Why doesn't somebody over at Fred Miranda mention the Fotodiox solution. There is no limitation to tilt and or shift. I am not a member there so can't.

As for an expensive never arriving Lee "solution" with limited usability, it is a joke. Go on Amazon and just buy a ready made high quality solution, I just did and the Fotodiox Wonderpana just works.

http://www.amazon.com/WonderPana-145-Essentials-Kit-Aspherical/dp/B00AUK945M/ref=sr_1_2?ie=UTF8&qid=1378870716&sr=8-2&keywords=fotodiox+TS-E

http://fotodioxpro.com/index.php/wonderpana-145-essentials-kit-system-holder-lens-cap-and-cpl-filter.html


----------



## Canon 14-24 (Sep 29, 2013)

privatebydesign said:


> Why doesn't somebody over at Fred Miranda mention the Fotodiox solution. There is no limitation to tilt and or shift. I am not a member there so can't.
> 
> As for an expensive never arriving Lee "solution" with limited usability, it is a joke. Go on Amazon and just buy a ready made high quality solution, I just did and the Fotodiox Wonderpana just works.

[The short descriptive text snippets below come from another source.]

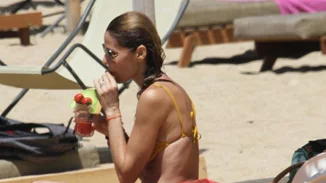 Στιγμές γαλήνης για την Τζένη Μπαλατσινού στην παραλία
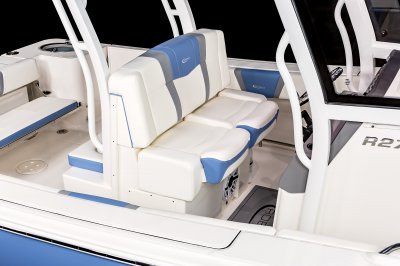 2025 R270 Helm Seat with Bolsters Down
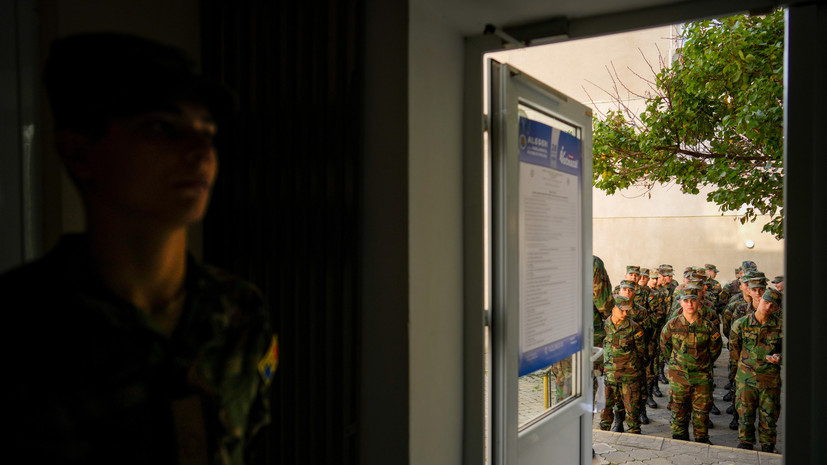 Крестинков: знакомым поступают звонки из Молдавии, чтобы они не шли на выборы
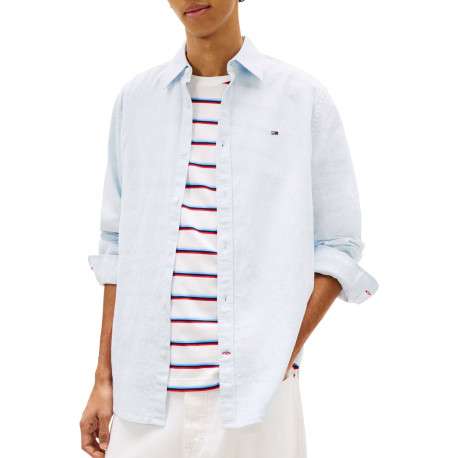 Chemise en lin et coton bleu clair unie avec une coupe droite et un col à revers - Image 2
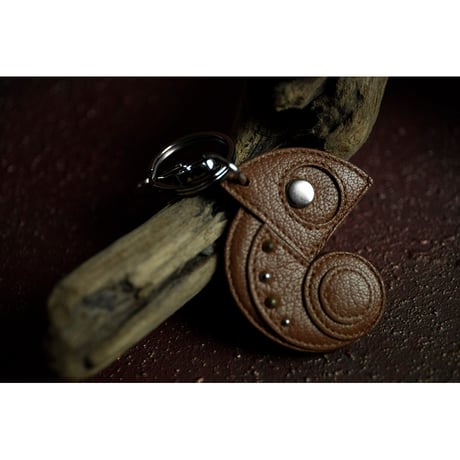Leather Key Holder ( Small ) / Reon Icon 005 Design ( Brown )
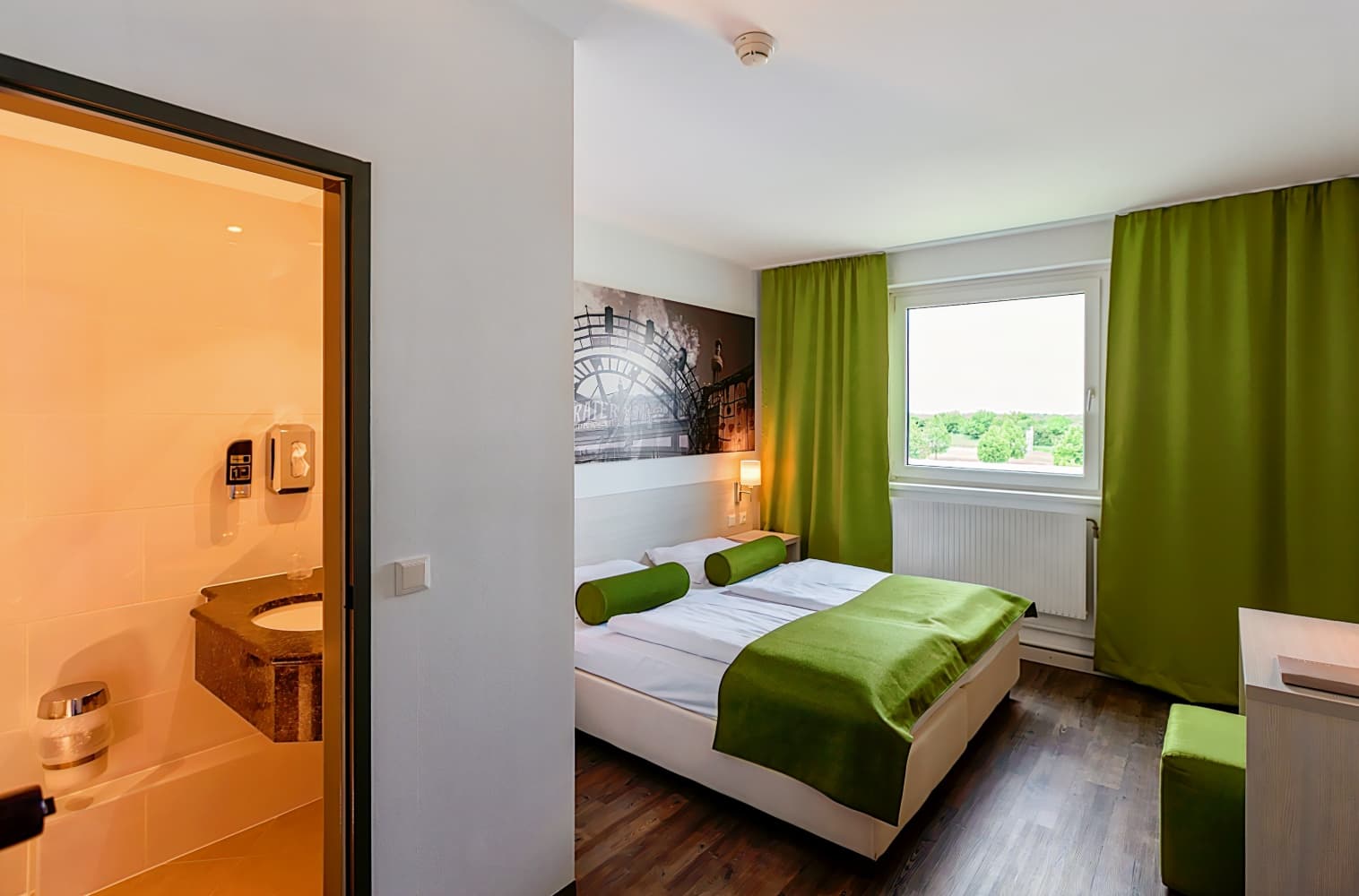 Life Hotel Vienna Airport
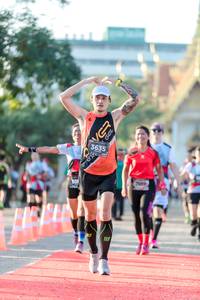 BIB: 3635, 709
                            <button type="button" onclick="openModal(6551730)" class="btn btn-primary btn-sm float-right btn-popup" data-toggle="modal" data-target=".modal-high-quality">
                        <i class="fas fa-shopping-cart"></i> Add to Cart
                    </button>
                                            <button type="button" onclick="isThisMe(6551730, true)" class="btn btn-success btn-sm float-right btn-popup btn-isme hidden" data-toggle="tooltip" data-placement="bottom" title="นี่คือรูปของคุณใช่ไหม คลิกที่นี่เพื่อเอาเข้าอัลบั้ม">
                        <i class="fas fa-plus"></i> Add to album
                    </button>
                    <button type="button" onclick="isThisMe(6551730, false)" class="btn btn-warning btn-sm float-right btn-popup btn-isnotme hidden">
                        <i class="fas fa-ban"></i> Remove from album
                    </button>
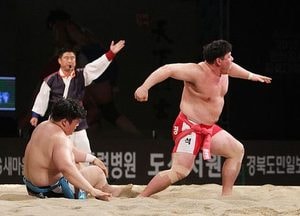 양평군청 박정석 장사, 2021 설날장사씨름대회 ‘3위’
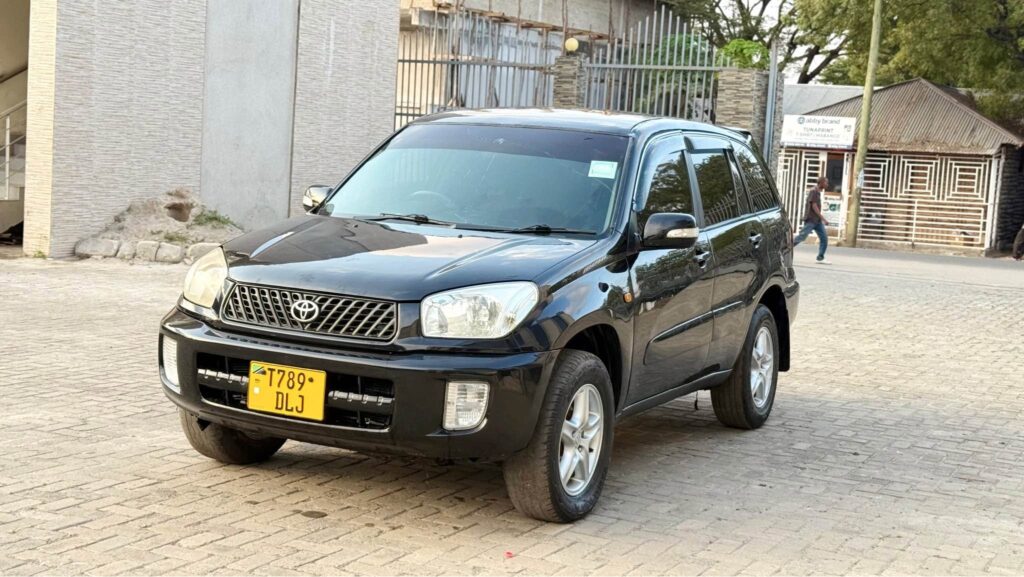 Magari Rav4 2000 lipo Dar es Salaam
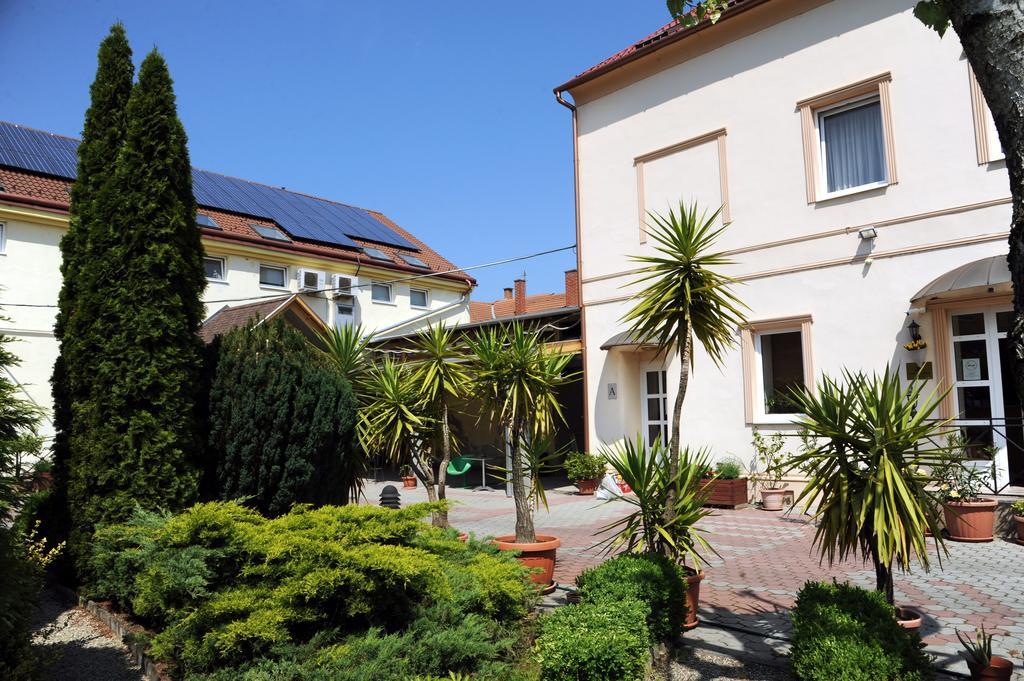 Oazis Hotel*** Nagykanizsa Luaran gambar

privatebydesign would you have sample images of the fotodiox setup on your 17mm at max -12/+12 shift? at f/8 and/or f/16? I am curious to see if there is any vignetting with the fotodiox setup+filter attached.

I am also curious to your opinion on the fotodiox 145mm filters in particular the full ND as there aren't many reviews on it. Comparing prices on Amazon I see a regular photodiox nd8 for $80 and a Lee ProGlass 0.9 for $180! Almost 2x the price, not sure if there is a significant difference in quality between the two brands?

Thanks.


----------



## privatebydesign (Sep 29, 2013)

Not on hand, but give me a few days and I'll throw something up. I only have the CPL though as I don't use ND filters.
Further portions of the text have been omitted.